**What is needed:**
The copy you give must match the listing below exactly and contain no pictures.

**Raw data:**
..............................

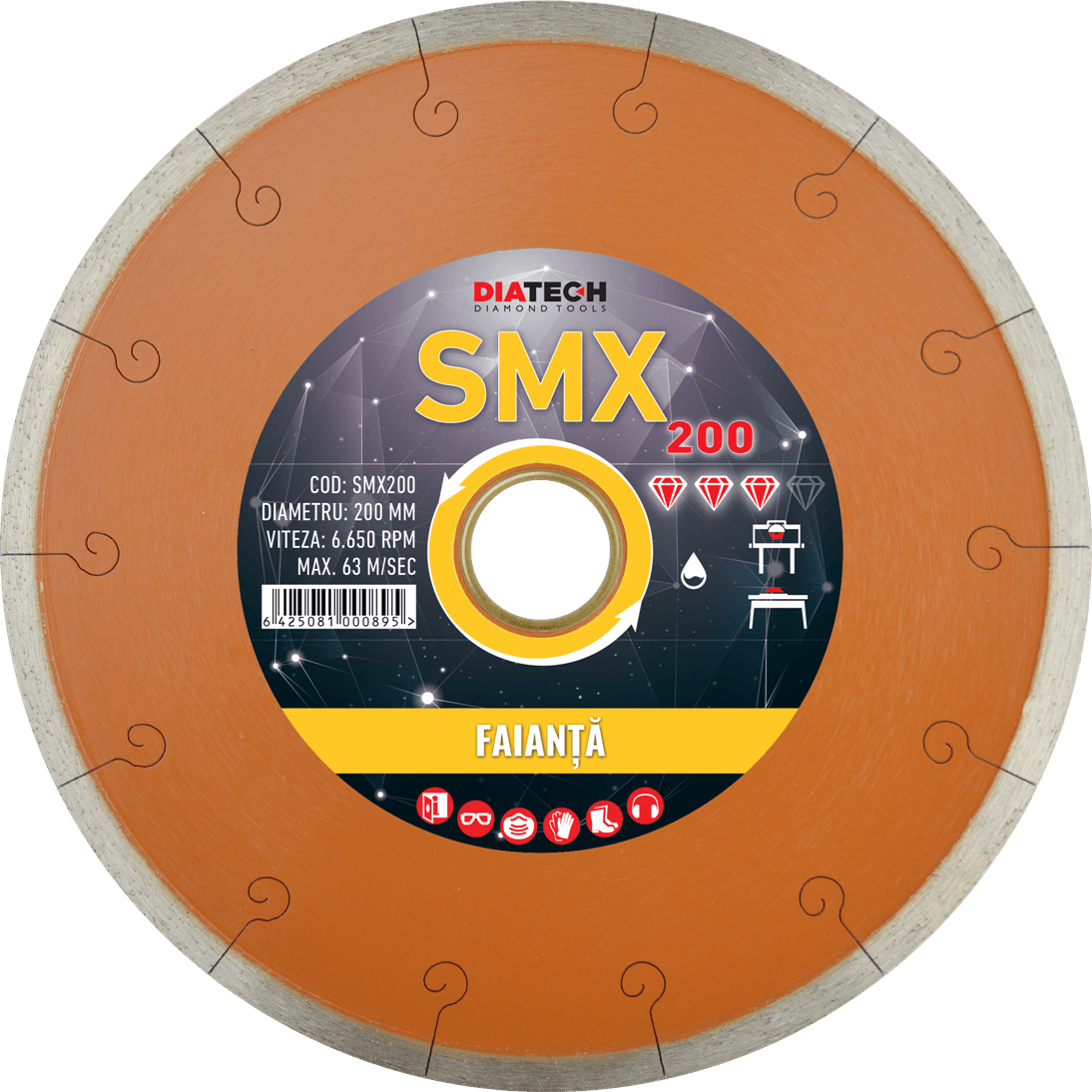 Disc diamantat pentru faianță Diatech SMX, 115-350mm - BIG STORE (Dynamic Tools SRL)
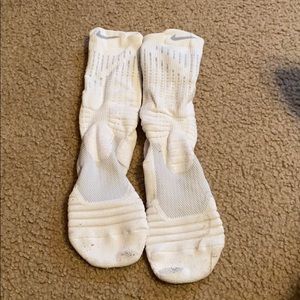 White Nike socks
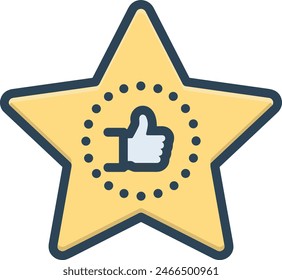 star icon symbol vector image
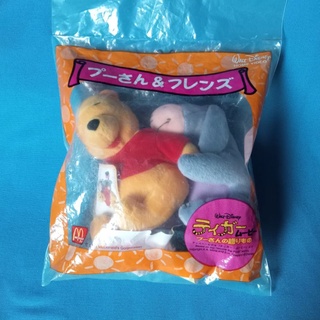 ตุ๊กตา​ Winnie the Pooh & Eeyore หมีพูห์​ &​ อียอร์ งานแมคโดนัลด์ญี่ปุ่น​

..............................

**Reply:**
 Disc diamantat pentru faianță Diatech SMX, 115-350mm - BIG STORE (Dynamic Tools SRL)
 White Nike socks
 star icon symbol vector image
 ตุ๊กตา​ Winnie the Pooh & Eeyore หมีพูห์​ &​ อียอร์ งานแมคโดนัลด์ญี่ปุ่น​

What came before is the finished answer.